Coding into the Void

Coding into the Void

A blog that I’ll probably forget about after making thirty-six posts.

Yet Another CHIP-8 Emulator

I’d wanted to try my hand at emulation for a while, but never got around to it. Making a GameBoy emulator is the project that I always see online, but from what I’ve heard that gets tedious and frustrating once you get past the documented part, so you end up with something half-working.

Then, the other day, I heard that CHIP-8 is the perfect starting emulator. The CHIP-8 is a virtual machine developed by Joseph Weisbecker. Simple instruction set, well-documented,1 and gives you access to a bunch of games. I figured I’d start it out, not sure if I’d get to a final working product. Four hours later, I had a fully functioning, mostly bug-free, emulator displaying and taking inputs in Unity. This is a very simple system to emulate, and I had a great time doing it.
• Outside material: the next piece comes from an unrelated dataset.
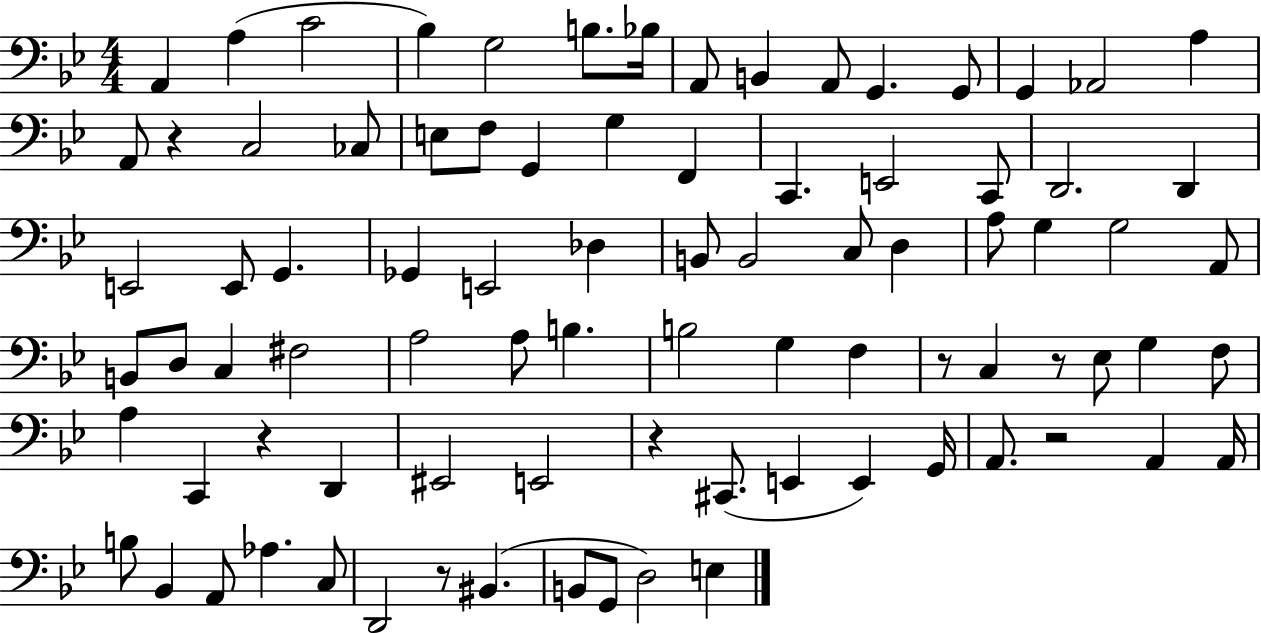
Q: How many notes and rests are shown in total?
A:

You won’t get any iconic versions of games, since it’s essentially a homebrew system, but there are tons of homebrew games for you to try out. If you have any interest in emulators, I recommend trying this one out yourself.

The main resource you need for getting started is Cowgod’s technical reference here. Although Matt Mikolay’s reference here is technically more accurate, the layout of the former is more conducive to implementation, in my opinion. I believe I’ve documented all the discrepancies between the two documents in the Pitfalls section, so if you reference that (specifically the deviations from spec and contradictions sections), you should be set.

The emulator I treated as the source of truth for comparison was John Earnest’s emulator Octo, which has the most thought put into it of any CHIP-8 emulator I’ve seen, and has had multiple people making games for it, although many are for the SuperChip and XO-Chip extensions.

Pitfalls

The lion’s share of the information I got about CHIP-8 emulation was from Cowgod’s technical reference. If you see people talking about writing CHIP-8 emulators online, they’re probably referring to it as the “definitive”2 source for the instruction set. It’s the clearest to read and very straightforward, but it is lacking, contradictory, or incorrect on various details.3 It’s possible that some areas I found lacking were due to a haphazard reading of the document. It wouldn’t be the first time.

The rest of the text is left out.